He played against Argentina on 11 October 2018, coming on as a second-half substitute. He was nominated by the Asian Football Confederation (AFC) as one of the top young talents; he was described as the youngest player who has the potential to changing the shape of the game before 2019 AFC Asian Cup.

He scored his seventh goal against Vietnam on 8 January 2019, and his eighth against Yemen on 12 January 2019, followed by a goal against Jordan to help Iraq win the 2019 International Friendship Championship.

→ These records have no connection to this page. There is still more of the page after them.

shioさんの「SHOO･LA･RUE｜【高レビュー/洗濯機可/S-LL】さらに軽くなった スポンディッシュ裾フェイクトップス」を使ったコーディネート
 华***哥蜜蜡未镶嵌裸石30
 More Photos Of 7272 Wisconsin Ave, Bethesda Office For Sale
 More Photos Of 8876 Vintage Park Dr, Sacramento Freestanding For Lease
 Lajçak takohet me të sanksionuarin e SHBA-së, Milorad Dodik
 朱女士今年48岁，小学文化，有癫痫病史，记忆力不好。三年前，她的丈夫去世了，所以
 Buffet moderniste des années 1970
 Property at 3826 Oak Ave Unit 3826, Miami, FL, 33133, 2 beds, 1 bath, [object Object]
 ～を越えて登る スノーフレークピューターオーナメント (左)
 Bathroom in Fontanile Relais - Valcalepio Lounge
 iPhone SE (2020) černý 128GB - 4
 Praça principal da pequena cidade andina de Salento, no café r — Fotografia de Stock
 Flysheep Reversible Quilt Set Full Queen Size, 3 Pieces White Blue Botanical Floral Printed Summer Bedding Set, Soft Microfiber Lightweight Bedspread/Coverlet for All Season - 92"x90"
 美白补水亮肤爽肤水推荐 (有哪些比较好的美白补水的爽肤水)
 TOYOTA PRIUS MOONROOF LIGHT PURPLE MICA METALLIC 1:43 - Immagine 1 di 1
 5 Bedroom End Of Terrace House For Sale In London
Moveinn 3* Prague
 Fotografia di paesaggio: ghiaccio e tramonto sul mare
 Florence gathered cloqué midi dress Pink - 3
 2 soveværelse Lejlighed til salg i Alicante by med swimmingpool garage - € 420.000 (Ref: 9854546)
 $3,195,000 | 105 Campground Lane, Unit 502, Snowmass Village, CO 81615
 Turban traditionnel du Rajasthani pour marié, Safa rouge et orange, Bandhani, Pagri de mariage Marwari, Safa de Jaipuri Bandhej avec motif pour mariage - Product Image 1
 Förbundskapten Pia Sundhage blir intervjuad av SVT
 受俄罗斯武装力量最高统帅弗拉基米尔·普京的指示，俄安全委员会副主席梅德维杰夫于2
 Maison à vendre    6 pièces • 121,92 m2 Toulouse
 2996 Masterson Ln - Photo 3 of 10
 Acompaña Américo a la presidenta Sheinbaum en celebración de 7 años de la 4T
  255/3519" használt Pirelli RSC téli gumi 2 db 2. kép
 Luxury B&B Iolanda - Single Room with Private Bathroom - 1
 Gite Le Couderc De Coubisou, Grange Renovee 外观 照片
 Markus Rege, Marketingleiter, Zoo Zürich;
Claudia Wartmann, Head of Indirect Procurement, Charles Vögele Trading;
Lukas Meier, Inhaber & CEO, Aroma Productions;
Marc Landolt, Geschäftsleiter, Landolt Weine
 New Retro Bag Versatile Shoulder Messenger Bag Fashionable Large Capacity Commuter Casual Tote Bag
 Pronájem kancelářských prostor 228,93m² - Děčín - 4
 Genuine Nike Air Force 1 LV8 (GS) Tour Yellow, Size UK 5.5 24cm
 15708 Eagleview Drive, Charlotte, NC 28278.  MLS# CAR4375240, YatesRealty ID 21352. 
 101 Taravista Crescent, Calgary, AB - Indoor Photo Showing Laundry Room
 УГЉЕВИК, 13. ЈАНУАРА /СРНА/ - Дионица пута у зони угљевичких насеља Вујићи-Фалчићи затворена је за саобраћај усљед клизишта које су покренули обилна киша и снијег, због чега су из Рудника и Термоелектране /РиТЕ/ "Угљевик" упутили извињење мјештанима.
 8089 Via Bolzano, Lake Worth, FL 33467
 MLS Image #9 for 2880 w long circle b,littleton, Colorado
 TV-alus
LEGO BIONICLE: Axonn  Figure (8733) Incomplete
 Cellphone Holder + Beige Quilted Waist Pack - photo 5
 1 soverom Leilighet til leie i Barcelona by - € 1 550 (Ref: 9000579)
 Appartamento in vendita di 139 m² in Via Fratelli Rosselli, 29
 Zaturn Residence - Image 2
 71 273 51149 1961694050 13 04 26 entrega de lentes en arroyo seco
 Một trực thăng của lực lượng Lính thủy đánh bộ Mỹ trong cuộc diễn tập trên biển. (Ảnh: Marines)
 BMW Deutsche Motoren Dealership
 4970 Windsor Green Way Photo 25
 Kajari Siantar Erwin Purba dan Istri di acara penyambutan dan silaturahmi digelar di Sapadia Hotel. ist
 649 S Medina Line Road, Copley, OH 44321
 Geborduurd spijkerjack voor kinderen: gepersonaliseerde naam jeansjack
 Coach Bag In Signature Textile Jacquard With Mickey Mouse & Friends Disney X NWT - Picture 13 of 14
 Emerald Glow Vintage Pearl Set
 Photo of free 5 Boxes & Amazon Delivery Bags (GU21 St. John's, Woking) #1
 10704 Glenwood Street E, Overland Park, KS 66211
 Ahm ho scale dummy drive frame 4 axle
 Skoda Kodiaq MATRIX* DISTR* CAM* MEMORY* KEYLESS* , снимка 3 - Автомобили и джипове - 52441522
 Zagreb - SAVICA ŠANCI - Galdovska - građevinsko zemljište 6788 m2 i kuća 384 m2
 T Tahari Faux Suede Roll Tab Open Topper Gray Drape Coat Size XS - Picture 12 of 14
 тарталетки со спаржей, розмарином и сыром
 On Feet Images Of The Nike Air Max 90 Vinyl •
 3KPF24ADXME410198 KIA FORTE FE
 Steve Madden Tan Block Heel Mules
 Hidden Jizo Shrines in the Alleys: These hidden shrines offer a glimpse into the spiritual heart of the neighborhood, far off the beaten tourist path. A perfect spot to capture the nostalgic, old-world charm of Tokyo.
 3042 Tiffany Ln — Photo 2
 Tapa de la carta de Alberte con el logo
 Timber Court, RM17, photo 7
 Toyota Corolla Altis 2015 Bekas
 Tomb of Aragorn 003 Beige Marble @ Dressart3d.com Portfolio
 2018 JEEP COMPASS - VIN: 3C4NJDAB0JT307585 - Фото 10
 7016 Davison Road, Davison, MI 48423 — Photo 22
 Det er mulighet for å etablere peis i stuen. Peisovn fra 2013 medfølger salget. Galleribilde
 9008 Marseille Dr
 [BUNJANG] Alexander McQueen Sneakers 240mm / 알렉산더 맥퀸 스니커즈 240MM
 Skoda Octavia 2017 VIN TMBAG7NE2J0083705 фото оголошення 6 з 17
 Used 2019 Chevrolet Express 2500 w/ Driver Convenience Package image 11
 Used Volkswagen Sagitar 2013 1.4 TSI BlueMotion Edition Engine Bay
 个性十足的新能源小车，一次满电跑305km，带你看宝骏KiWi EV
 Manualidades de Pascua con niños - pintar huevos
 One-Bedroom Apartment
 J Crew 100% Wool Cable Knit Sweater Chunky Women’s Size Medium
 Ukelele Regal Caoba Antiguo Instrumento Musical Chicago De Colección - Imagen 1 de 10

Mohanad went on to score five more goals by the end of 2019. After his performance at the 2019 AFC Asian Cup and 2022 FIFA World Cup qualification, he was voted the 2019 West Asian Footballer of the Year and was also included in Chinese newspaper Titan Sports "Best Footballer in Asia 2019", which listed 26 of best footballers.

==Style of play==

“We always trust Mohanad. He has good feet, he can connect powerfully with headers and he is very clever in the box."
— – Iraq youth coach Saad Hashim speaking on Mohanad.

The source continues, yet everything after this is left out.